Zübeyde Hanım, Selanik’e bir saat mesafedeki Langaza’da bir çiftlikte büyümüş, sonrasında
Selanik’e yerleşmişlerdi. Ali Rıza Efendi ile burada tanışmış ve evlenmişlerdi. Ali Rıza Efendi ile 1870 yılında evlendiğinde Zübeyde Hanım, henüz 14 yaşında ve kızı Makbule Hanım’a göre “uzun boylu, ince yapılı, altın saçlı, yeşil gözlü bir kadın” idi.
Zübeyde Hanımın İslam dinine ve gereklerine sıkı sıkıya bağlı bir kadındı ve iyiliksever ince bir kalbi vardı.
Mustafa Kemal 16 Mayıs 1919’da Samsun’a hareket etmeden önce annesi ve kız kardeşi ile vedalaşmıştı. Sabaha kadar dertleşip oğluyla konuşan Zübeyde Hanım, oğlunu sabah dualarla Samsun’a yolcu etmişti.
Zübeyde Hanım’ın İstanbul’da başlayan hastalığı daha ilerlemiş, Latife Hanımın Karşıyaka’daki yazlık köşkünde 66 yaşında 15 Ocak 1923’te hayatını kaybetmişti.
Mustafa Kemal de bu elim haberi tren ile Ankara’dan başlayan ve Batı Anadolu’yu kapsayan bir yurt gezisine çıktığında Eskişehir’de öğrenmişti.

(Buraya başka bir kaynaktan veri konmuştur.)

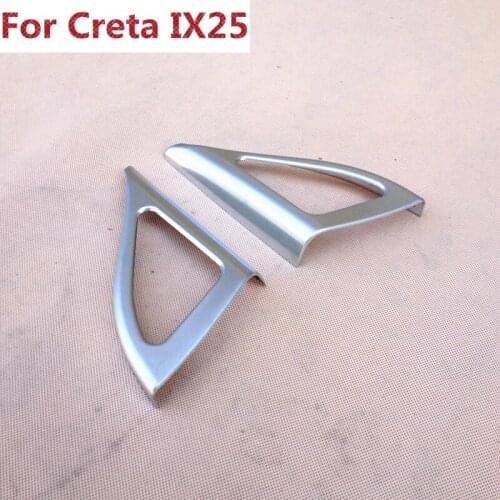 For Hyundai Creta IX25 2014 2015 2016 Interior Chrome Stainless Steel A Pillar Lound Speaker Triangular Bezel Cover Molding Trim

Özellikle İstanbul gazetecileri ile yapacağı ve devrimi anlatacağı bu geziye büyük önem veren Mustafa Kemal Paşa, acısıyla yaşamış ve geziyi kesmemişti.
Bir süre sonra İzmir’e gelerek annesine olan son görevini de yerine getirmiş ve annesinin mezarı başında dua etmiştir.
Zübeyde Hanım İstanbul’da da hasta olduğu bir sırada; daha önce vasiyetini hazırlatmış ve kendisi öldükten sonra her sene ruhuna hatim okutmak için bağış yapmak istediğini söylemişti. Sonuçta
Darüşşafaka’ya gidilmiş ve bir miktar para bırakarak içini rahatlatmıştı. Annesinin bu vasiyetini öğrenen
Mustafa Kemal de her ölüm yıl dönümünde bir oğlun annesine duyduğu sevgi ve bağlılığın manevî bir işareti olarak, annesine hatim okutup, hatim okuyan hafıza, zarf içinde bir miktar para vermeyi adet haline getirmişti.
Zübeyde Hanım’ın kabri Karşıyaka’dadır. İstasyondan Soğukkuyu tarafına giden Zübeyde Hanım
Caddesi üzerindeki bir parkta ziyarete açıktır. Zübeyde Hanım’ın cenaze alayına İzmirliler kalabalık şekilde katılmışlardı. Vali, memurlar, komutanlar ve hocalar olduğu halde cenaze alayının uzunluğu bir kilometreyi bulmuştu. Okulların getirdiği çelenkler kabrin üstünde büyük bir örtü teşkil etmişti.
Atatürk mezarın başına ağır bir taş parçası konulup “Atatürk’ün anası Zübeyde burada gömülüdür. Ölümü: 1923” yazdırılmasını ve Zübeyde Hanım çocukları çok sevdiği için de etrafının bir çocuk parkı ile süslenmesini istemişti.
Zübeyde Hanımın mezarı, 1933 yılında temeli atılarak mezar anıt şekline dönüştürülmüş ve
1940 yılında İzmir Belediyesi tarafından resmen açılmıştır. Hayatını kaybettiği Latife Hanım Köşkü de bugün müze halindedir.